Witajcie kochane ;* Czytam wasze pamiętniki, oglądam zdjęcia i nie mogę się nadziwić. Wasza determinacja jest nieziemska, też chciałabym jak wy nie jeść słodyczy, biegać cz robić po 100,200,300,1000 brzuszków. Wczoraj przegięłam, ale może i dobrze. Zjadłam bardzo dużo słodyczy ;) Mam nadzieję, że dzięki temu nie tknę ich do Wielkanocy lub maja. Często to działa i później mam spokój na 2,3,4 tygodnie. Miałam plan by robić rano, po przyjściu ze szkoły i wieczorem brzuszki.
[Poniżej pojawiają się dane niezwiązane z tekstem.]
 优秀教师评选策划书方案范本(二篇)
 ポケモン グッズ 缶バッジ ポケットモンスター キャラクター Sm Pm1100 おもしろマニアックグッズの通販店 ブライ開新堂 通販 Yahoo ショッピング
WYCHODZI, ale tylko wieczorem. W tym tyg. codziennie spr. i kiedy się tylko obudzę to książki w łapki i nauka, ale od piątku działam ! W następnym tyg. kompetencje, więc się przyłożę do ćwiczeń. Poza tym dostałam wczoraj zajebiaszczą bluzkę w prezencie od sis KOCHAM JĄ ;D Jest wykonana z takiego materiału, że zanim ją założę to muszę dostać extra płaski brzuch. Jest MOTYWACJA YEAH !!!! Wczoraj i dziś po 25 brzuszków wieczorem, cholernie odczuwam tą długą przerwę, a już się tak dobrze czułam. Ale cóż dam radę, bluzeczka czeka na mnie w szafie - muszę to dla niej zrobić POZDRAWIAM - a jak z Waszą motywacją ;> ?
Monic858
7 kwietnia 2011, 16:13dziękuję:)bluzka?Swietna motywacja:)pzdr
malgo005
6 kwietnia 2011, 17:52My także mamy mało czasu na ćwiczonka przez naukę ale motywacja wieellkkaa:)
Anaa0
6 kwietnia 2011, 17:29Nie martw się nie tylko ty się zastałaś w ćw. Ja też nie mogę się przemóc szczególnie rano gdy jestem jeszcze zaspana ;/ A ta motywacja z bluzką - niezły patent. Trzymaj się:* pozdrawiam
muminka20
6 kwietnia 2011, 16:21ale......nie poddaje sie:)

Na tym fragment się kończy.